1. D’une part, aux termes de l'article L. 521-1 du code de justice administrative : « Quand une décision administrative, même de rejet, fait l'objet d'une requête en annulation ou en réformation, le juge des référés, saisi d'une demande en ce sens, peut ordonner la suspension de l'exécution de cette décision, ou de certains de ses effets, lorsque l'urgence le justifie et qu'il est fait état d'un moyen propre à créer, en l'état de l'instruction, un doute sérieux quant à la légalité de la décision (...) ». Aux termes de l'article L. 522-1 dudit code : « Le juge des référés statue au terme d'une procédure contradictoire écrite ou orale. Lorsqu'il lui est demandé de prononcer les mesures visées aux articles L. 521-1 et L. 521-2, de les modifier ou d'y mettre fin, il informe sans délai les parties de la date et de l'heure de l'audience publique (...) ». Aux termes de l'article L. 522-3 du même code : « Lorsque la demande ne présente pas un caractère d'urgence ou lorsqu'il apparaît manifeste, au vu de la demande, que celle-ci ne relève pas de la compétence de la juridiction administrative, qu'elle est irrecevable ou qu'elle est mal fondée, le juge des référés peut la rejeter par une ordonnance motivée sans qu'il y ait lieu d'appliquer les deux premiers alinéas de l'article L. 522-1 ».

2. D’autre part, en application des dispositions combinées des articles L. 522-1, L. 522-3, R. 522-2 et R. 612-1 du code de justice administrative, le juge des référés peut rejeter une requête qui apparait manifestement irrecevable sans avoir l’obligation d’inviter, au préalable, le requérant à régulariser sa requête et sans être tenu de mettre en œuvre une procédure contradictoire et de prévoir une audience.

3. La requête des sociétés Paradise Cars, YF Auto, « Le Dépanneur du Coin » et ZI du Port, qui tend à la suspension de l’exécution de l’arrêté visé ci-dessus, n’a été introduite que par M. A..., lequel n’est habilité à représenter que la société ZI du Port. Cette société n’est pas titulaire d’un bail locatif de l’une des cellules de l’ensemble immobilier visé par l’arrêté contesté, cet ensemble appartenant à la société TANDEM. Et si la société ZI du Port indique bénéficier d’une servitude de passage sur les parcelles d’assiette de l’ensemble immobilier précité, cette seule qualité ne lui donne pas intérêt à agir contre l’arrêté contesté.

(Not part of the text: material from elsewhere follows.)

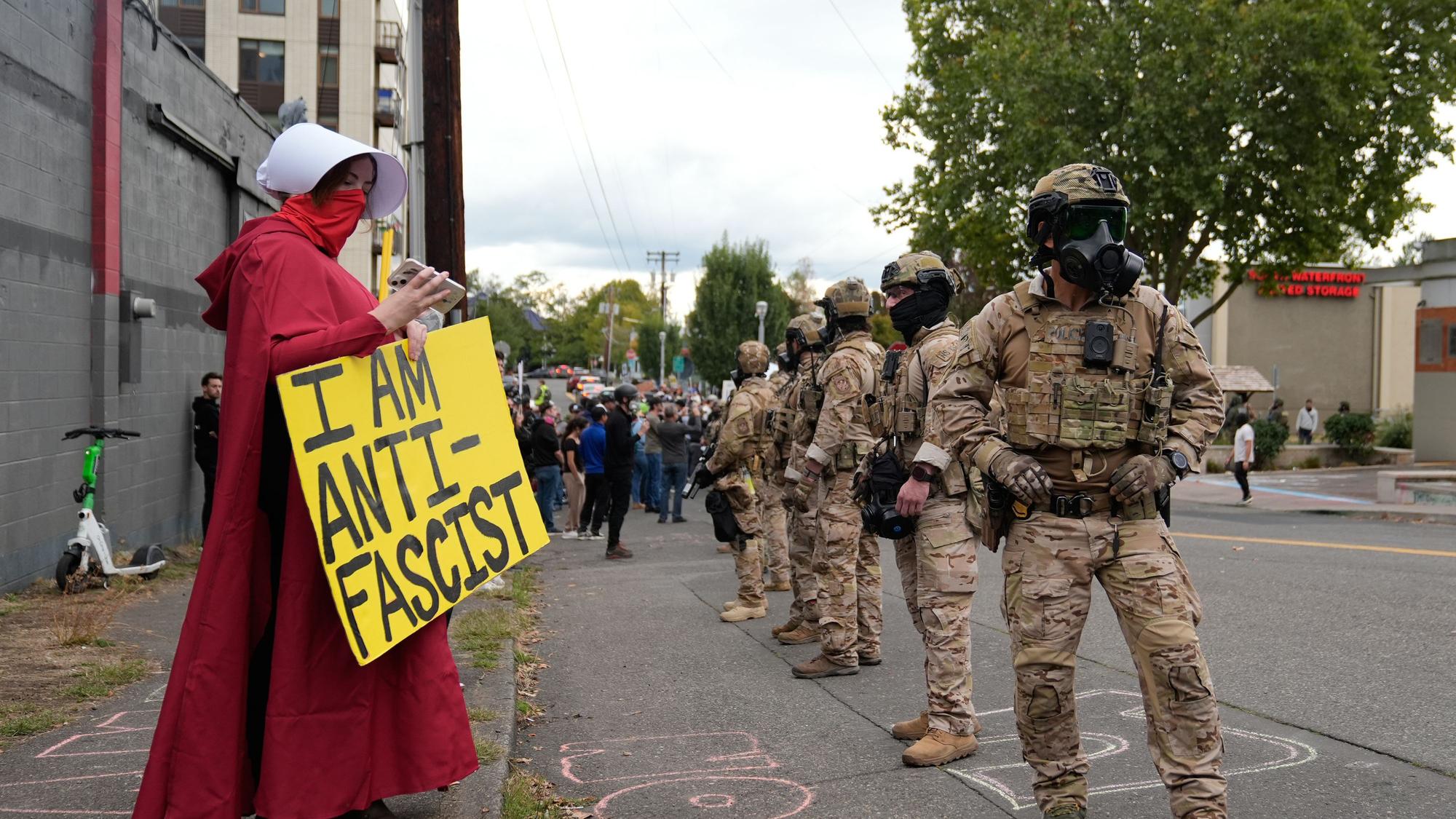 dpatopbilder - 04.10.2025, USA, Portland: Beamte der Zoll- und Grenzschutzbehörde stehen vor Demonstranten vor einer Einrichtung der US-Einwanderungs- und Zollbehörde während einer Demonstration. Foto: Jenny Kane/AP/dpa +++ dpa-Bildfunk +++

4. Par suite, la requête des sociétés Paradise Cars, YF Auto, « Le Dépanneur du Coin » et ZI du Port, qui est manifestement irrecevable, doit être rejetée en toutes ses conclusions en application de l’article L. 522-3 du code de justice administrative.


O R D O N N E :


Article 1er : La requête des sociétés Paradise Cars, YF Auto, « Le Dépanneur du Coin » et ZI du Port est rejetée.

Article 2 : La présente ordonnance sera notifiée à la société Paradise Cars, la société YF Auto, la société « Le Dépanneur du Coin » et la société civile immobilière ZI du Port.


Fait à Besançon, le 1er avril 2026.



Le juge des référés,





A. Pernot


La République mande et ordonne au préfet du Territoire de Belfort, en ce qui le concerne ou à tous commissaires de justice à ce requis en ce qui concerne les voies de droit commun, contre les parties privées, de pourvoir à l'exécution de la présente décision.